Michelle (Mary Elizabeth Winstead) has decided to leave her fiancé, the relationship has broken down for whatever reason and she is not about to go back now, so gathers her belongings from their apartment and starts to drive out of the city and into the countryside. However, she is not going to reach her destination for when night falls and she is filling up her car's fuel tank, she thinks she is being watched by a creepy driver. Nothing comes of her fears but when she is out on the road, trying to ignore the calls on her phone from her boyfriend, suddenly her vehicle is in a collision. She has no real idea how it happened, but when she wakes up from unconsciousness she grows aware of unfamiliar surroundings...
Merely looking at any descriptions of this film's genre would constitute a spoiler of sorts, but 10 Cloverfield Lane was one of those top secret projects from the J.J. Abrams stable where keeping the precise details from the public about what was really going on it their plots appeared to be a military operation in itself. Nowhere near as big a deal as the Star Wars sequel he helmed, but perhaps putting the reference to one of his previous hits right there in the title was a pretty big giveaway as to the plot's final twist, and led to some strange instances of audiences being confused by what they had seen, thus perhaps harming the production's overall reception. It was no major reveal to say Abrams had purchased an existing script and had it retooled.

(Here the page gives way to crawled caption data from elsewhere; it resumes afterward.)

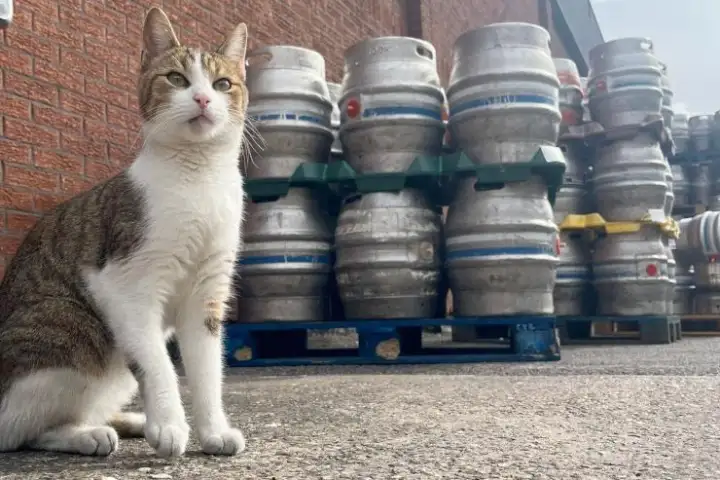 Ведь он дважды сбегал в пивоварню в 50 км от дома.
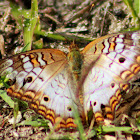 White Peacock Butterfly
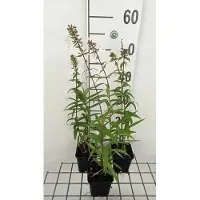 GRDplanten 6 x Phlox (m) 'Omega' - Flammenblume - Topf 9 x 9 cm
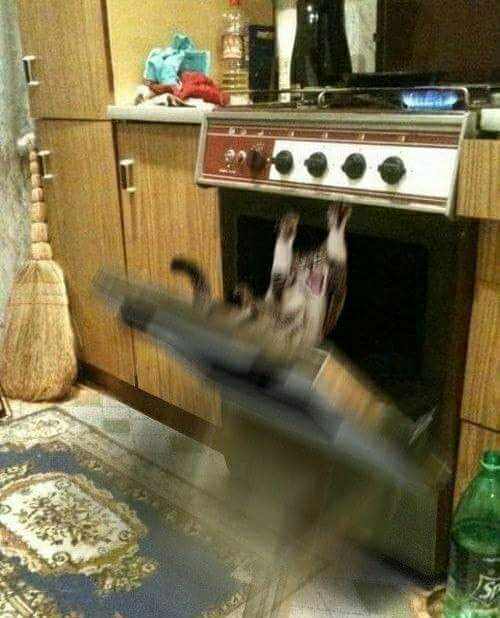 кот падает в духовку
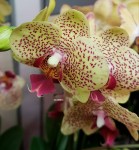 Орхидея Phalaenopsis Fancy Freckles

That's probably why the first hour and a quarter did not quite marry up with the last act, though that finale was planned in the early stages so should by all rights have felt more organic than it actually turned out. But that's not to say this was a dead loss because the ending ruined it when in fact it was an admirable attempt to follow up a hit with something not necessarily expected; a Cloverfield sequel seemed like an inevitability, but what was this that bore the name yet came across as a world away from the found footage science fiction horror that had made such an impact eight years before? It didn't share any of the same characters, nor locations, and the title made it appear as an afterthought rather than a proper carrying of the plot over to a new movie.
What you got was a sharply performed three-hander of a suspense piece where Michelle discovers she is chained to a wall in a cell in an underground bunker. In the first of many examples of the film messing with expectations (not counting its name popping up briefly at the beginning), we cannot work out if she is there for her own good or whether she is being exploited or even kidnapped. Her captor? Or saviour? Enter Howard (John Goodman, keeping an admirable poker face), who tells her he saved her not only from her car wreck but also a massive environmental disaster that has settled over the land outside, poisoning the air and leaving the bunker as the safest environment. Michelle does get a look outside and glimpses rotting farm animals, so is Howard on the level? She wonders because he has a strange way of going about saving her.

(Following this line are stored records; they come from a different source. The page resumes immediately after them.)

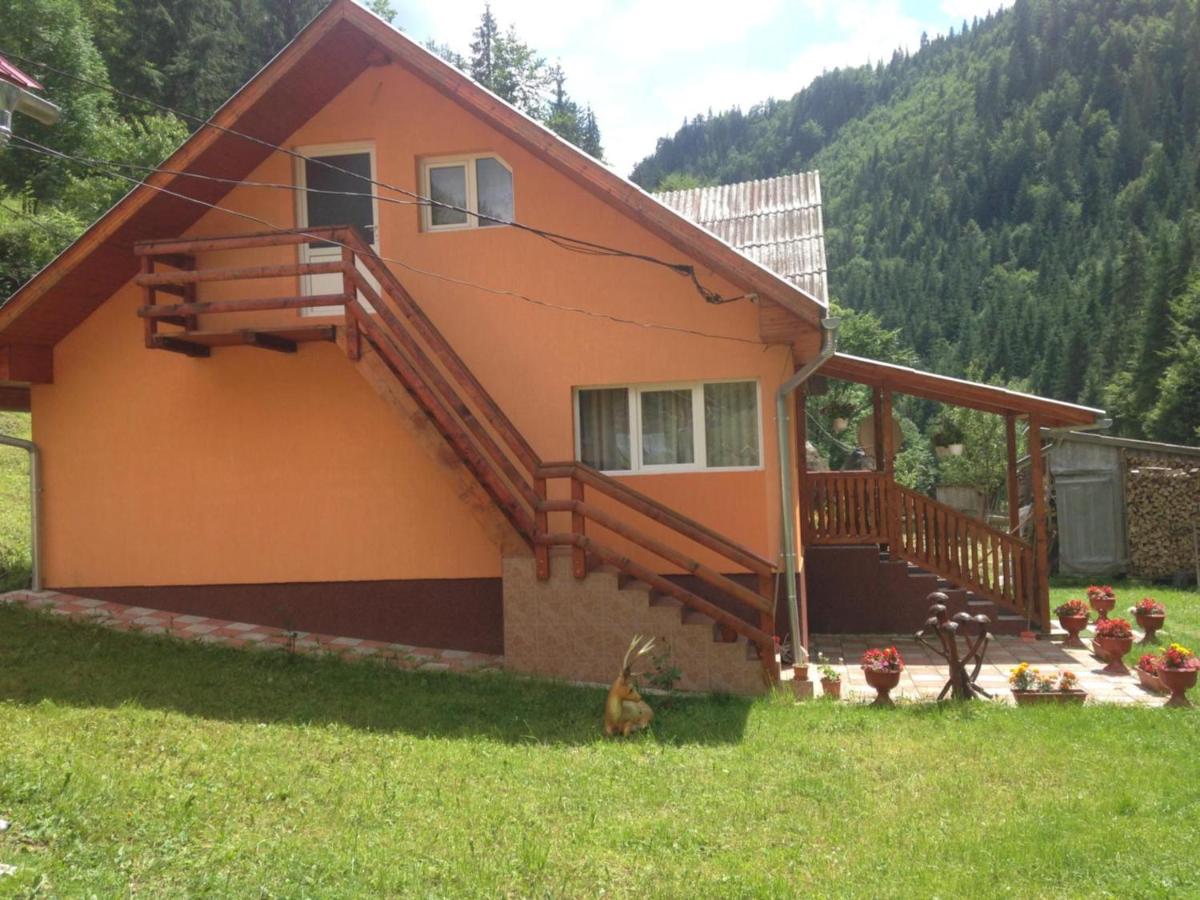 Moara Lui Ivan - Ferienwohnung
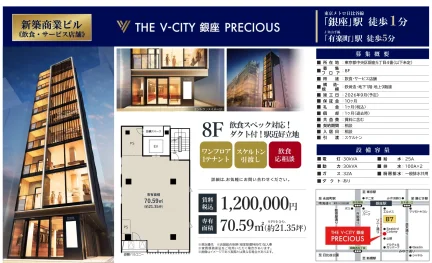 THE V-CITY 銀座 PRECIOUS 8F 0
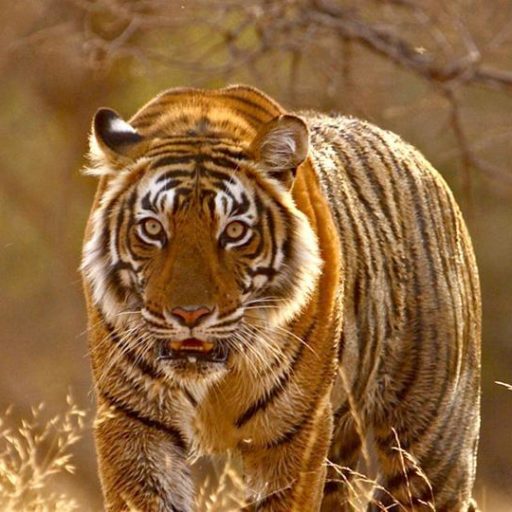 Clash of Tigers in Sariska, a Tiger has Forced His Son out of the Core Area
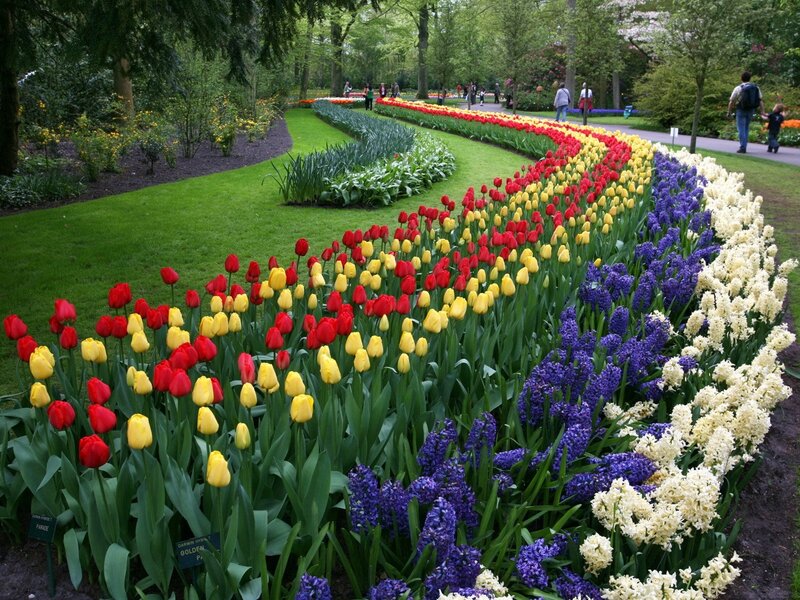 Colorful flower garden display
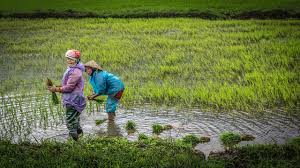 Dangdut kalau padi katakan padi duración 3:23 tamaño 4.97 mb / download here. Petani Menanam Padi Pada Musim Hujan Di Sawah Mengapa Petani Digital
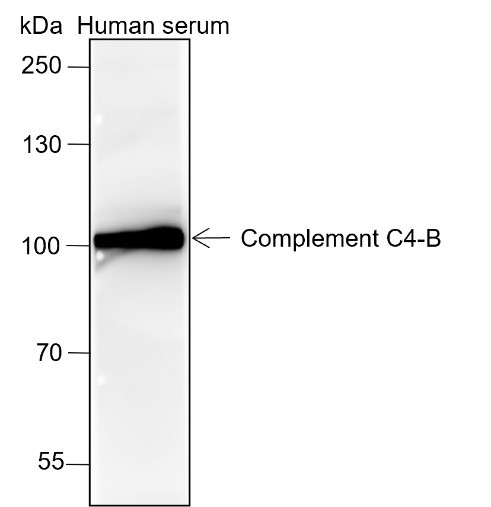 Anti-Recombinant Complement C4-B, clone A146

Director Dan Trachtenberg, podcaster turned commercials maker turned, with this, blockbuster creator was not really demanded to fashion an effects and stunts filled extravaganza, leaving him to work on his strengths of building the characters' interactions which formed the core of the drama. It’s a cliché to say that blockbusters neglect the personality of their main players, but here was one which concentrated that almost to the exclusion of everything else, at least until the resolution, and it was very impressive as far as that went, with the addition of the injured Emmett (John Gallagher Jr) to throw the wariness between Michelle (who is our guide) and Howard into sharper relief. But at its heart was this question: when things start getting worse, a lot worse, do you roll over and accept them as a solitary soul cannot do anything to stem that flow, or do you say no, I’m not having this, I'm going to contribute to making the world better? If the latter option appealed, then you had to consider that the former was the prevalent attitude. This was a story about hope, and how difficult it is to hang on to. Music by Bear McCreary.